• **Directions**:
Take the entries below and print only the lines from the one with "Voir la photo" through the one with "Ugodessa Apartment *", exactly as they stand, both ends included.

--- START ---

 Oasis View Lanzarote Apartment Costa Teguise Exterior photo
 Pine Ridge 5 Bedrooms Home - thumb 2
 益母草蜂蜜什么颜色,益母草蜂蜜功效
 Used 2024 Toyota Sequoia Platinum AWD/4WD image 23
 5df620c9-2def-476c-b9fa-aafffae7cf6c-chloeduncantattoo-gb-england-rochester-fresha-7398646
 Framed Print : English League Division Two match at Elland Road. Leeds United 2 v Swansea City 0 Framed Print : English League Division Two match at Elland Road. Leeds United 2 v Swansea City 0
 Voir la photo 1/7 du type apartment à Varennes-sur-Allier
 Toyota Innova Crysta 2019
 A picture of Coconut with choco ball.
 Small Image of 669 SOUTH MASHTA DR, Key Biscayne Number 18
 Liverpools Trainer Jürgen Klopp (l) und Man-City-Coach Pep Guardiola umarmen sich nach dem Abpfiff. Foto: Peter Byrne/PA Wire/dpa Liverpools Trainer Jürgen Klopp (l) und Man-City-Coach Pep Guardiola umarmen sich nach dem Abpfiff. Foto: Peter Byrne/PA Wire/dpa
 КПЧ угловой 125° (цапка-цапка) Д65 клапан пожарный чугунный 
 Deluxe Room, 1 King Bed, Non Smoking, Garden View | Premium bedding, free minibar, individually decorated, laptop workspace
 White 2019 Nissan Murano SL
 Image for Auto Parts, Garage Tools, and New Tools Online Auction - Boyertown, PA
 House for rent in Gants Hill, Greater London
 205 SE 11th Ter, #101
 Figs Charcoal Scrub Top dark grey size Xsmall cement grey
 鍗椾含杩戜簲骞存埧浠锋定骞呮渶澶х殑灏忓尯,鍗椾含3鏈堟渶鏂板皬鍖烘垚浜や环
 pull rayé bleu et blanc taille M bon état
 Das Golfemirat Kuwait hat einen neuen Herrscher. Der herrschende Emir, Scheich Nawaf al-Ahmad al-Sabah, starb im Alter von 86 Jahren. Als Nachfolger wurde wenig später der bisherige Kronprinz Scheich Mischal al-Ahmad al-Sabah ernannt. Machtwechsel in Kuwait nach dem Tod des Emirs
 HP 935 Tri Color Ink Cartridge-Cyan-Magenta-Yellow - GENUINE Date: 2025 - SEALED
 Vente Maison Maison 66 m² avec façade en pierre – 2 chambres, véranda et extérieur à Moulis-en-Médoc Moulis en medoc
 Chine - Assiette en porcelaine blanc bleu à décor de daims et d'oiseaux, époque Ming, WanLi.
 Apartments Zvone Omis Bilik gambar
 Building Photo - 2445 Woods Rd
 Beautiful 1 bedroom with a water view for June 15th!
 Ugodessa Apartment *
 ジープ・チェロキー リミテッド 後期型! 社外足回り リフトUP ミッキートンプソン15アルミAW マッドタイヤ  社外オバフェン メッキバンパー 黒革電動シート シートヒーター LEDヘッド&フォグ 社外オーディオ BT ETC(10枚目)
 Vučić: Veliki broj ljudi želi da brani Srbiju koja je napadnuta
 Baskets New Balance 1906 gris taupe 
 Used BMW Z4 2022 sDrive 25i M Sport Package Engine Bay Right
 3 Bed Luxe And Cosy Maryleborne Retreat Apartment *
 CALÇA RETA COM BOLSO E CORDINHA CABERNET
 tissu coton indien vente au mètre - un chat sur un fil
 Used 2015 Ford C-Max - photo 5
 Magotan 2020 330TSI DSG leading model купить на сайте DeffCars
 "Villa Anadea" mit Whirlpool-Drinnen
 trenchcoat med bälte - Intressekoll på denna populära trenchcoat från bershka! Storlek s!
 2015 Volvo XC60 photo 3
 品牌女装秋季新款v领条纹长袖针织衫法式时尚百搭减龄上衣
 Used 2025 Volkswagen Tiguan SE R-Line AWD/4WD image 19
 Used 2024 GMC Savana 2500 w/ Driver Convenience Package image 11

--- END ---

• **Answer**:
 Voir la photo 1/7 du type apartment à Varennes-sur-Allier
 Toyota Innova Crysta 2019
 A picture of Coconut with choco ball.
 Small Image of 669 SOUTH MASHTA DR, Key Biscayne Number 18
 Liverpools Trainer Jürgen Klopp (l) und Man-City-Coach Pep Guardiola umarmen sich nach dem Abpfiff. Foto: Peter Byrne/PA Wire/dpa Liverpools Trainer Jürgen Klopp (l) und Man-City-Coach Pep Guardiola umarmen sich nach dem Abpfiff. Foto: Peter Byrne/PA Wire/dpa
 КПЧ угловой 125° (цапка-цапка) Д65 клапан пожарный чугунный 
 Deluxe Room, 1 King Bed, Non Smoking, Garden View | Premium bedding, free minibar, individually decorated, laptop workspace
 White 2019 Nissan Murano SL
 Image for Auto Parts, Garage Tools, and New Tools Online Auction - Boyertown, PA
 House for rent in Gants Hill, Greater London
 205 SE 11th Ter, #101
 Figs Charcoal Scrub Top dark grey size Xsmall cement grey
 鍗椾含杩戜簲骞存埧浠锋定骞呮渶澶х殑灏忓尯,鍗椾含3鏈堟渶鏂板皬鍖烘垚浜や环
 pull rayé bleu et blanc taille M bon état
 Das Golfemirat Kuwait hat einen neuen Herrscher. Der herrschende Emir, Scheich Nawaf al-Ahmad al-Sabah, starb im Alter von 86 Jahren. Als Nachfolger wurde wenig später der bisherige Kronprinz Scheich Mischal al-Ahmad al-Sabah ernannt. Machtwechsel in Kuwait nach dem Tod des Emirs
 HP 935 Tri Color Ink Cartridge-Cyan-Magenta-Yellow - GENUINE Date: 2025 - SEALED
 Vente Maison Maison 66 m² avec façade en pierre – 2 chambres, véranda et extérieur à Moulis-en-Médoc Moulis en medoc
 Chine - Assiette en porcelaine blanc bleu à décor de daims et d'oiseaux, époque Ming, WanLi.
 Apartments Zvone Omis Bilik gambar
 Building Photo - 2445 Woods Rd
 Beautiful 1 bedroom with a water view for June 15th!
 Ugodessa Apartment *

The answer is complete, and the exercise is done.